_ASSIGNMENT_: Pictures aside, copy exactly each line from the one that holds "کبوتر تهرانی‌پرشی|پرنده|بابلسر, |دیوار" through the last line of the records below.

(Captioned web image data)
▼▼▼
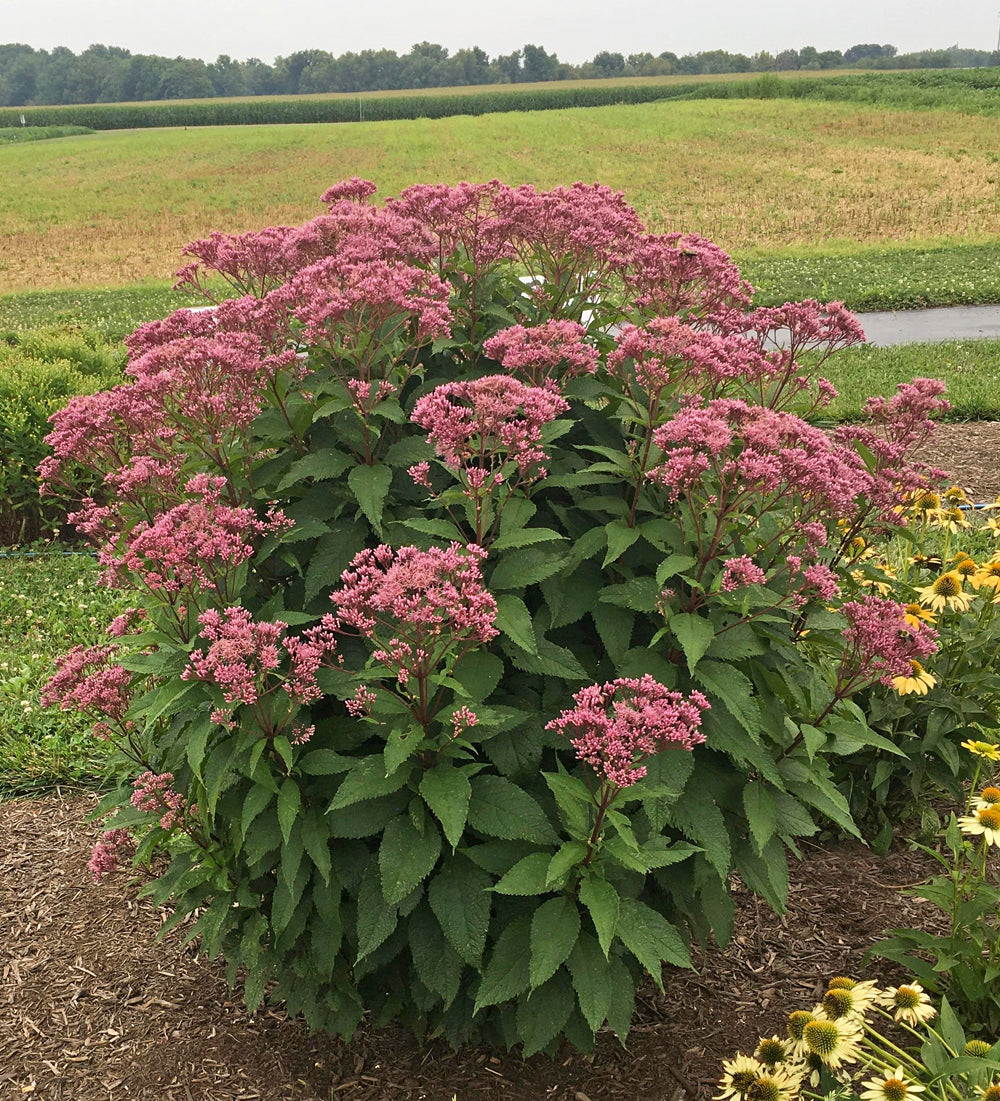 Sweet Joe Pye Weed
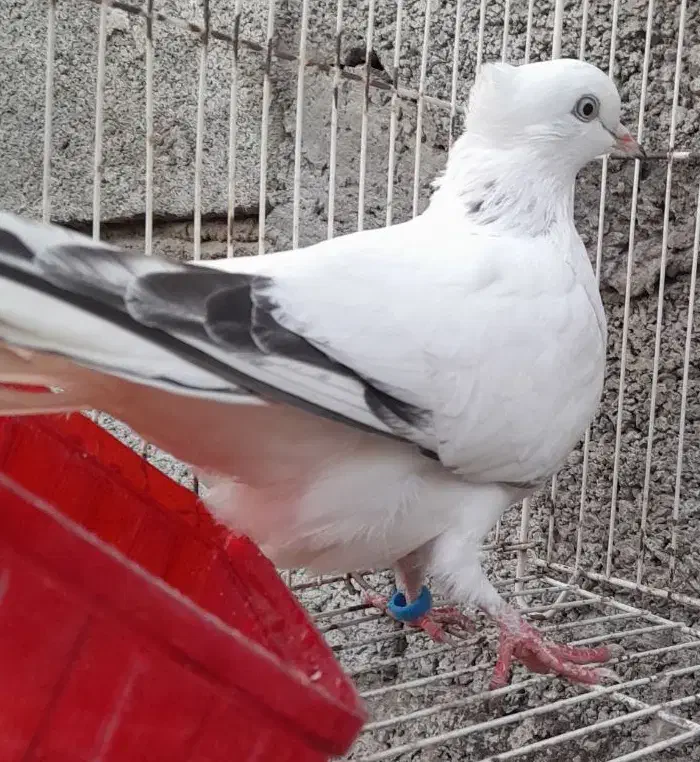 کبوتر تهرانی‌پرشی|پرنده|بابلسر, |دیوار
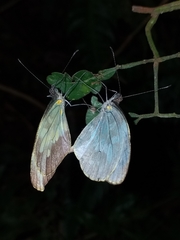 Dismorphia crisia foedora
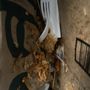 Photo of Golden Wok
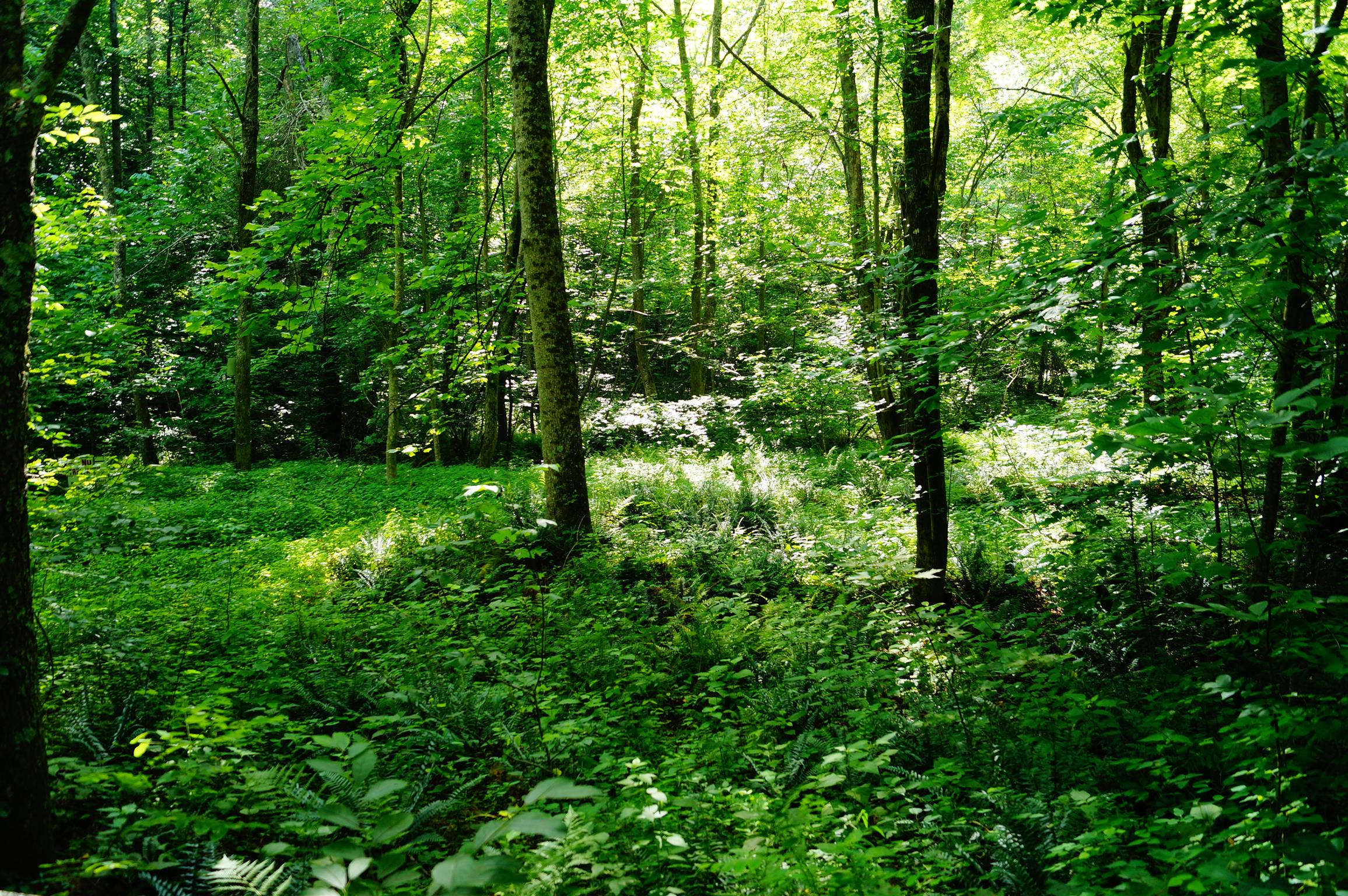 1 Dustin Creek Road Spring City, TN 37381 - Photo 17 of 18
▲▲▲
_OUTPUT OF THE TASK_:
 کبوتر تهرانی‌پرشی|پرنده|بابلسر, |دیوار
 Dismorphia crisia foedora
 Photo of Golden Wok
 1 Dustin Creek Road Spring City, TN 37381 - Photo 17 of 18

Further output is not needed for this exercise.